Lorsque s'en aller c'est quitter ses origines, sa famille et ses racines, c'est aussi mourir un peu, c'est laisser un bout de son âme qui ne se recollera plus, un organe amputé qui ne se régénèrera jamais.

Lorsque quitter son pays natal est la seule alternative envisagée par les jeunes marocains désenchantés, cela donne un récit fort et poignant appuyé par une écriture sensible et poétique. L'auteur aborde des sujets tels l'homosexualité, l'Islam, l'hypocrisie liée à la religion, la condition de la femme et le décalage entre les croyances anciennes et les temps modernes.

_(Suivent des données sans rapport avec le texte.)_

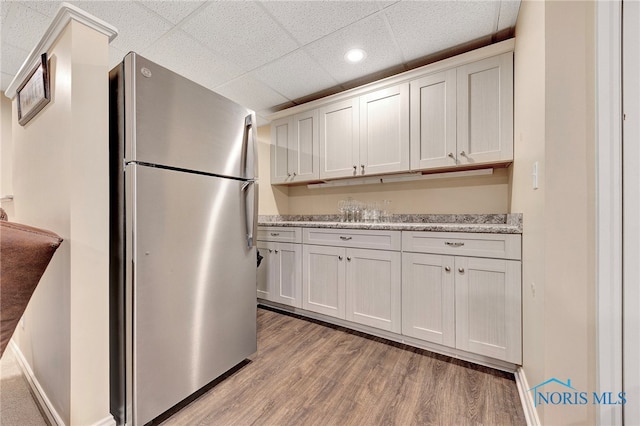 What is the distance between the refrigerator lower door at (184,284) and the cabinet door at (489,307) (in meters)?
1.47


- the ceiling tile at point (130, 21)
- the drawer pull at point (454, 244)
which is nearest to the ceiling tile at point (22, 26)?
the ceiling tile at point (130, 21)

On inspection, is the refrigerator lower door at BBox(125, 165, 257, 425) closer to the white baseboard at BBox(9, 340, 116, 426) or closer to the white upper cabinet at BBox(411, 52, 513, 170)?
the white baseboard at BBox(9, 340, 116, 426)

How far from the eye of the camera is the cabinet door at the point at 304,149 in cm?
296

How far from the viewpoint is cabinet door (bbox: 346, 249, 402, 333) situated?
204 centimetres

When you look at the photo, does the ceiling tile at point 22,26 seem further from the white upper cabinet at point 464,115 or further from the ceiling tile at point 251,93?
the white upper cabinet at point 464,115

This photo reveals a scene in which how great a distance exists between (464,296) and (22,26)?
3544 millimetres

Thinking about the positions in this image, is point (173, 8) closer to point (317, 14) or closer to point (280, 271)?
point (317, 14)

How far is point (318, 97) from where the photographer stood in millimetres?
3037

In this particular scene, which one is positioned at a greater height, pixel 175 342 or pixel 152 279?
pixel 152 279

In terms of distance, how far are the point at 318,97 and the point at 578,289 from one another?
281cm

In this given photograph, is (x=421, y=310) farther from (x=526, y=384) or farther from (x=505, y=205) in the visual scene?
(x=505, y=205)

C'est une descente un peu sombre dans un tunnel et au même temps c'est pétillant d'humanité et chargé d'un regard plein de chaleur empathique. Tahar Ben Jelloun déchire le voile des apparences ou des pudeurs pour plonger son regard au coeur d'une dure réalité avec une écriture parfois saignante, mais toujours préservée de facilité. le récit est rythmé de questions et alterne les chapitres concernant chacun des personnages.

La frontière est mince entre le Maroc et l'Espagne mais elle l'est tout autant entre espoir et désespoir, entre attente et déception, entre étouffer et se brûler, entre les questionnements sur l'identité et le désir de vivre libre, ailleurs.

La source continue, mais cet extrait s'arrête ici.